11. Define the term "fantasy," then demonstrate how Wilde treats ONE of the following fantastically (as opposed to realistically): Victorian society's class structure, food and the Victorian conventions surrounding it, the resolution of the plot. Please confirm by e-mail the precise wording of your topic.
12. Using appropriate quotations and paraphrases from at least one major scene in the play, show how Wilde treats humorously serious issues and conflicts that existed within Victorian society. You might wish to demonstrate how the play deals with one of the following matters: marriage and courtship, sexual double standards, the class structure, money and property, and attitudes towards illness and death. Please confirm by e-mail the precise wording of your topic.
13. In French, the title of the play is Ernest ou l'Importance d'être Constant. Explain how this title sheds additional light on the key issues of self-awareness, self-knowledge, and being "earnest" versus being "constant." Consider the implications of the French title for all the major characters. Please confirm by e-mail the precise wording of your topic.

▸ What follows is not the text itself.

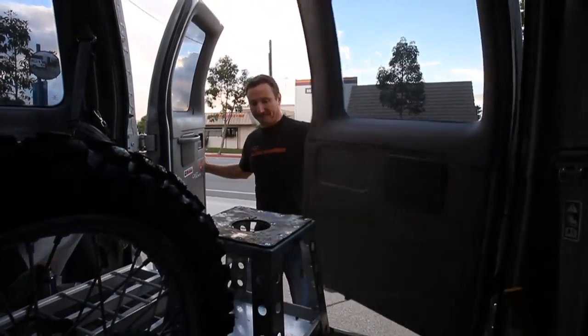Do you guys ever wonder why we build billet products around a new motorcycle? I'm Adrian from Ride Engineering and I want to talk to you guys a little bit about what we do here and the kind of products that we build.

Beckson, Karl. "Oscar Wilde." Modern British Dramatists, 1900-1945. Part 2: M-Z. Dictionary of Literary Biography. Vol. 10. Pp. 204-218.

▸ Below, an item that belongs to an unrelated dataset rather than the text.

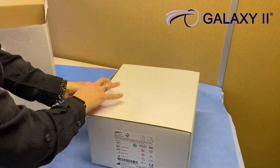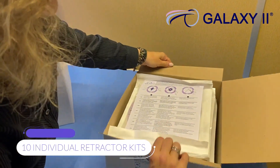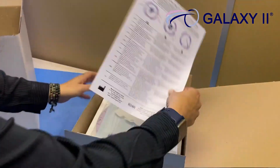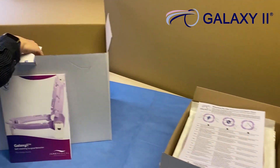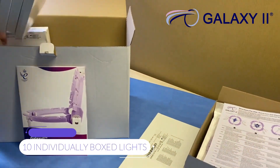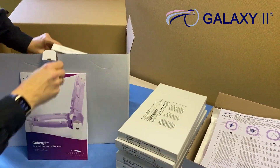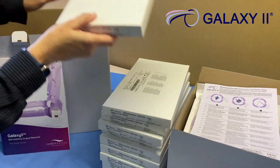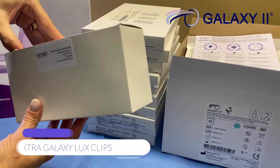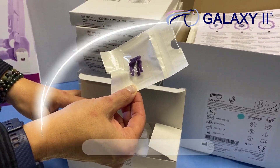When your Galaxy Luxe kit arrives, it will include 10 individual retractor kits, one kit for each procedure. It will also include 10 individually boxed lights, again one kit for each procedure. Also, one box of extra Galaxy Luxe clips to connect your light to the retractor.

Boyle, Robert. "Oscar Wilde (1854-1900)." British Novelists, 1890-1929: Traditionalists. Dictionary of Literary Biography. Vol. 34. Detroit: Gale Research, 1985. Pp. 315-331.
Foster, Richard. "Wilde as Parodist: A Second Look at The Importance Of Being Earnest." College English 18, 1 (Oct., 1956): 18-23.
Jordan, Robert J. "Satire and Fantasy in Wilde's The Importance of Being Earnest." Ariel 1, 3 (July 1970).
Keach, William. Teacher's Manual: Adventures in English Literature. New York: Harcourt, Brace, Jovanovich, 1980. Pp. 183-7.
Reinert, Otto. "Satiric Strategy in The Importance Of Being Earnest." College English 18, 1 (Oct., 1956): 14- 18.
a. Parenthetical citation rather than foot- or end-notes will be considered acceptable; for a play longer than a single act, please provide act number in roman numerals followed by page number in arabic numerals.
b. Double space all text; if you are doing your essay by hand, you may single space quotations of forty words or longer, but integrate shorter quotations; for example:
Lady Bracknell is unrealistically, almost contemptuously honest when she reveals her ignorance of the German language. Objecting to French songs on the grounds of possible impropriety of subject-matter, she remarks, "But German sounds a thoroughly respectable language, and indeed, I believe is so" (I: 128, emphasis added).
A Note on Essay Topics
Topics may call for comparison between two like things, such as the humour in a modern television sit-com (situational comedy) and The Importance Of Being Earnest.
Contrast, on the other hand, implies that the writer is out to demonstrate differences between things usually thought to be similar. For example, one might contrast the duplicity of Jack and Algernon here with that of Dr. Jekyll in Stevenson's novella.
Other possibilities are explanation and analysis, for example: "Why We Laugh WITH and Not AT Lady Bracknell."